Re: Three solution designs to the first three Graphs use cases from Sandro Hawke on 2012-02-01 (public-rdf-wg@w3.org from February 2012)

From: Sandro Hawke <sandro@w3.org>
Date: Tue, 31 Jan 2012 19:23:57 -0500
To: Steve Harris <steve.harris@garlik.com>
Cc: Ivan Herman <ivan@w3.org>, Andy Seaborne <andy.seaborne@epimorphics.com>, public-rdf-wg@w3.org
Message-ID: <1328055837.2916.47.camel@waldron>

On Fri, 2012-01-27 at 12:27 +0000, Steve Harris wrote:
> On 2012-01-27, at 10:35, Ivan Herman wrote:
> > On Jan 27, 2012, at 10:33 , Andy Seaborne wrote:
> >> On 27/01/12 03:45, Sandro Hawke wrote:
> >>> On Thu, 2012-01-05 at 11:09 +0000, Andy Seaborne wrote:
> >>>> On 04/01/12 19:23, David Wood wrote:
> >>>>> Thanks, Sandro.  That's very helpful.
> >>>>> 
> >>>>> It might be useful to consider augmenting TriG syntax to support your third solution (explicitly naming relations). I'd be quite happy with that.
> >>>> 
> >>>> What would the data model be?
> >>> 
> >>> I think: an RDF graph which can have other RDF graphs as values of its
> >>> triples.  All these graphs would be subgraphs of some greater graph, so
> >>> they can share b-nodes.
> >>> 
> >>> (This is what cwm has had implemented since 2001, I think.)
> >> 
> >> I thought this WG wasn't going there (graph literals).
> >> 
> >> Personally, I see graph literals as the clean answer but it is RDF 2 (+).  RDF 1.1 is, to me, incremental improvements within the current abstract data model.  Datatyped literals  (e.g. "<s> <p> <o>"^^rdf:graphNTriples) are unwieldy and might block doing graph literals properly in RDF 2+.
> >> 
> > 
> > I am not convinced it is such a huge jump and, if this is the only way to have a clean way forward, we may have to do this. The datatyped literals may be a way forward and, after all, the trig version of using '{' may be considered as a syntactic sugar for a datatyped literal…
> 
> This makes me /extremely/ nervous.
> 
> From the perspective of the indexing/query engine is an enormous difference, and I'm not aware of any commonly used systems that currently follow this model. So, there's a lack of experience in the community of how to deal with these structures efficiently.
> 
> I bought this kind of argument with RDF Lists (collections), and accessor functions - storing the lists natively, and also reflecting them into triples. Coming up with an implementation that was both correct and efficient turned out to be so hard that we gave up, and just elected not to use Lists in production.

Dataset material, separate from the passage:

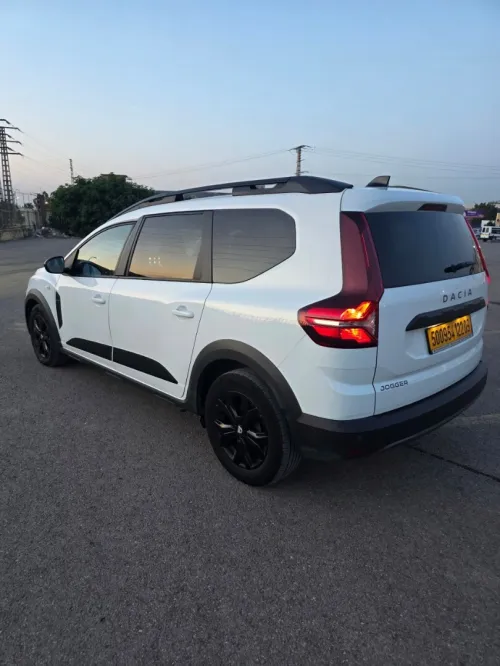 Dacia Stepway jogger 2022 Extrême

I'm sad to hear about this experience with lists.  Sometime I'd like to
hear more about why that was so hard.   (Have you folks
written/presented about it?)

> If we had a critical mass of systems that worked this way I would be enthusiastic about it, but we don't.

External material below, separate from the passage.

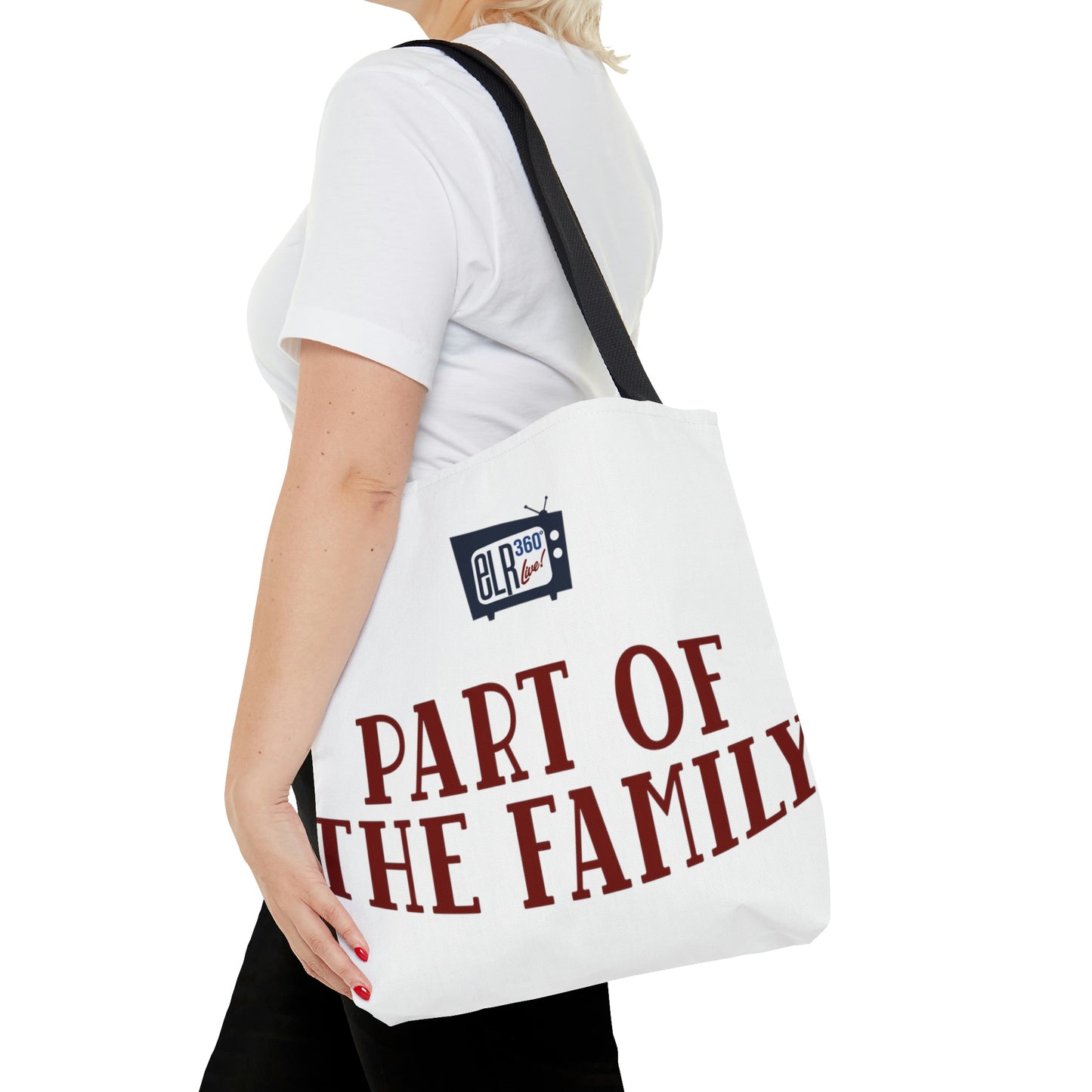 Part of the Family Tote Bag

I think it's possible to implement graph literals (like in N3, or my
third proposed solution) using a quad store, like the ones you already
use.  That's how at least one version of cwm did it.   The technique is
to map it to TriG/SameAs with minted identifiers:

So, to represent:

  <s> <p> { <a> <b> <c> }

you mint an identifier ( <g1> ) then store these quads:

  <s> <p> <g1> DEFAULT
  <a> <b> <c> <g1>

In this proposal, such a use of quads is a purely internal decision of
the implementer -- what's standard for interchange is the N3-like syntax
with the graph literals.  It's just those documents are stored for easy
access/manipulation in quads using a SameAs relation.  Elsewhere, people
remain free to use quads, internally, however they want.

Wouldn't that solve the implementation burden?

   -- Sandro

Received on Wednesday, 1 February 2012 00:24:01 UTC